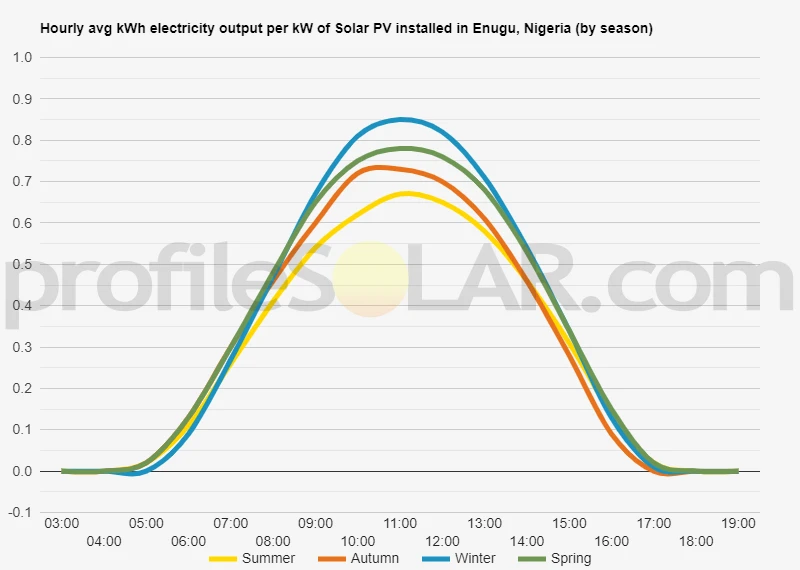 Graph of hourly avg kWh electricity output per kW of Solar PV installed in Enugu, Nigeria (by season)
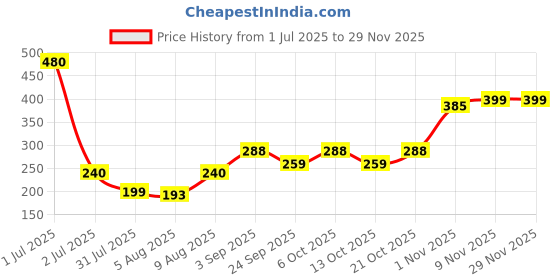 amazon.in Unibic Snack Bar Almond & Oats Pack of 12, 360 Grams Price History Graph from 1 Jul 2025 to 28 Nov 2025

==

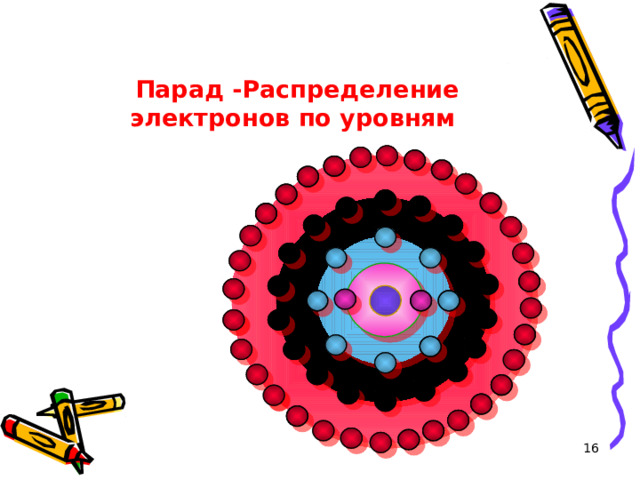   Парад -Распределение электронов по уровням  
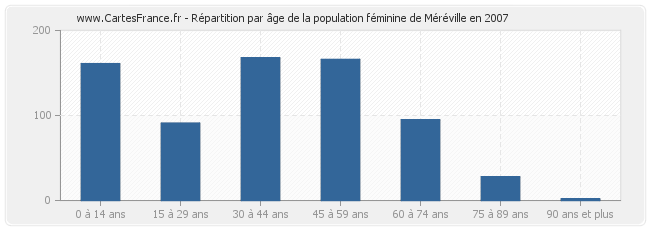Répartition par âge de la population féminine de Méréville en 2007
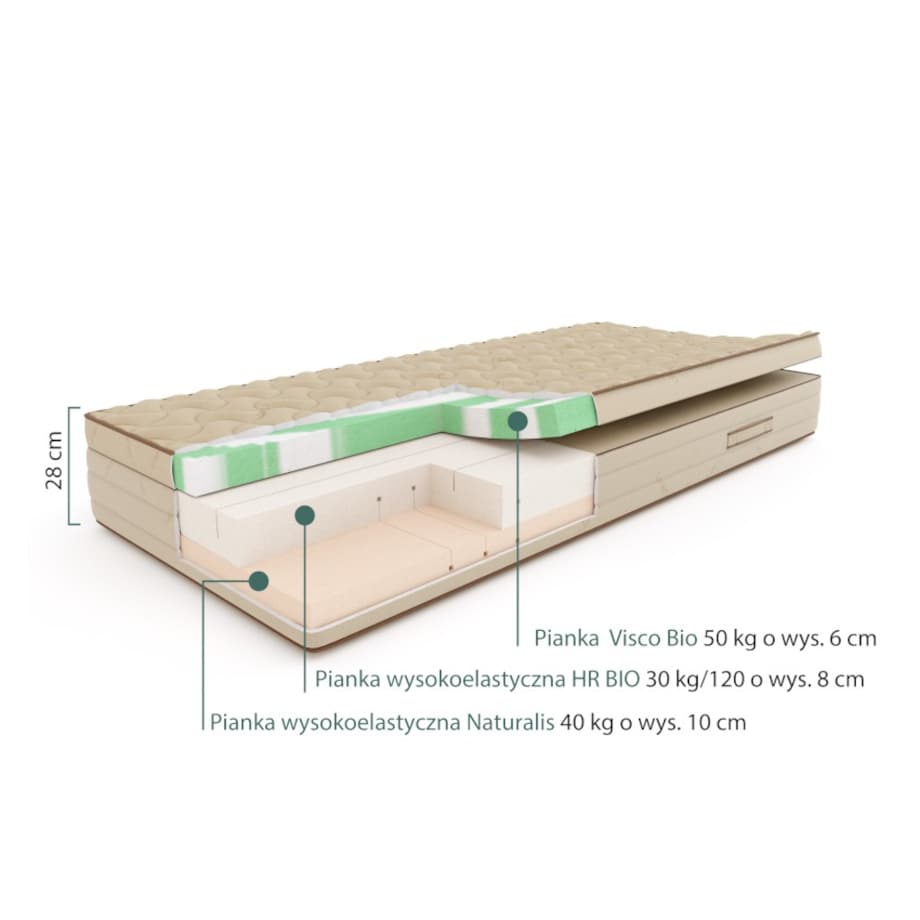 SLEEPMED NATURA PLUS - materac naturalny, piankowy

---

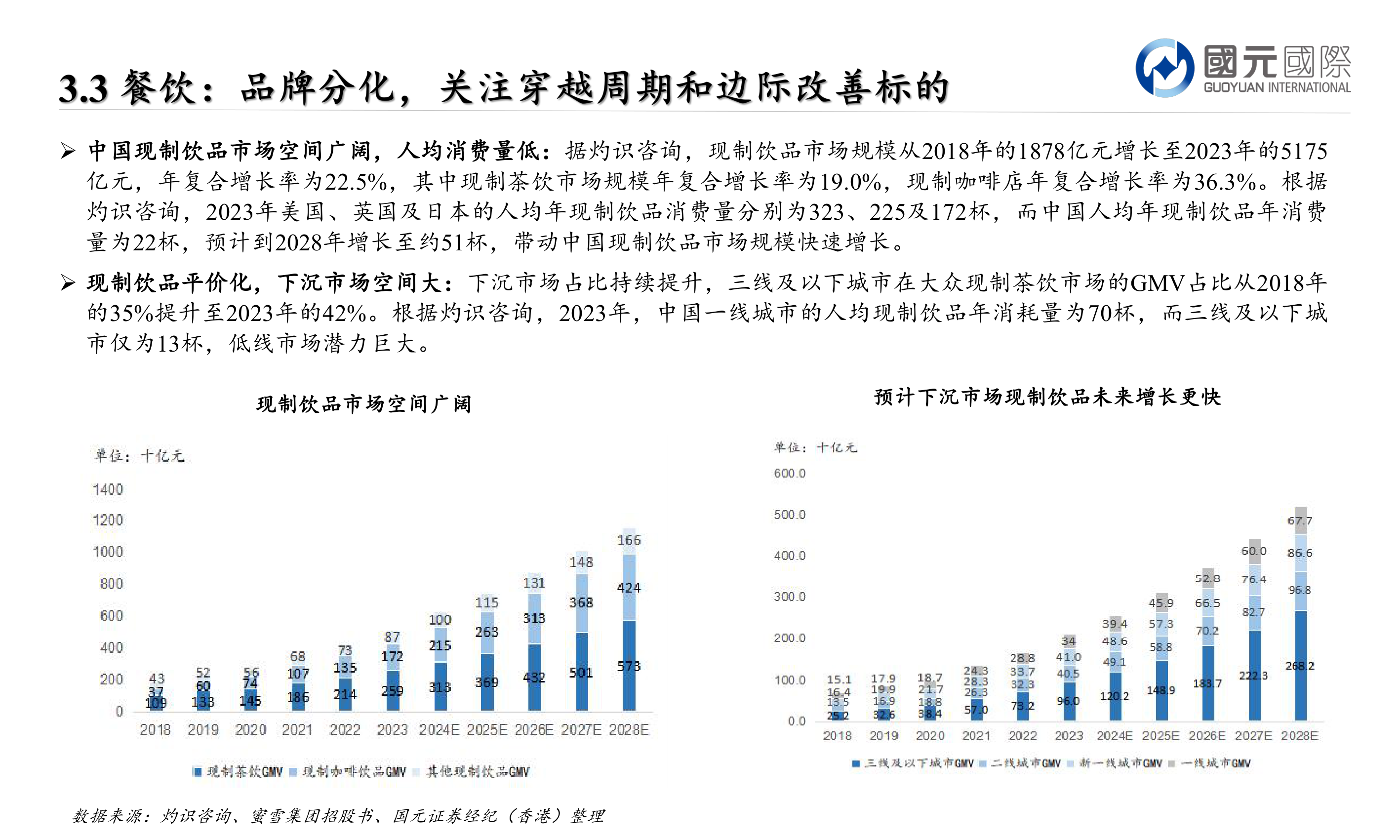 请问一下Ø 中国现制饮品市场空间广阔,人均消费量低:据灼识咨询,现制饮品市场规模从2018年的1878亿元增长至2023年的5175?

## Task to carry out
Print exactly the lines above that run from the one with "Парад -Распределение электронов" down to the one with "SLEEPMED NATURA PLUS", and omit the pictures.

## Answer for the task
   Парад -Распределение электронов по уровням  
Répartition par âge de la population féminine de Méréville en 2007
 SLEEPMED NATURA PLUS - materac naturalny, piankowy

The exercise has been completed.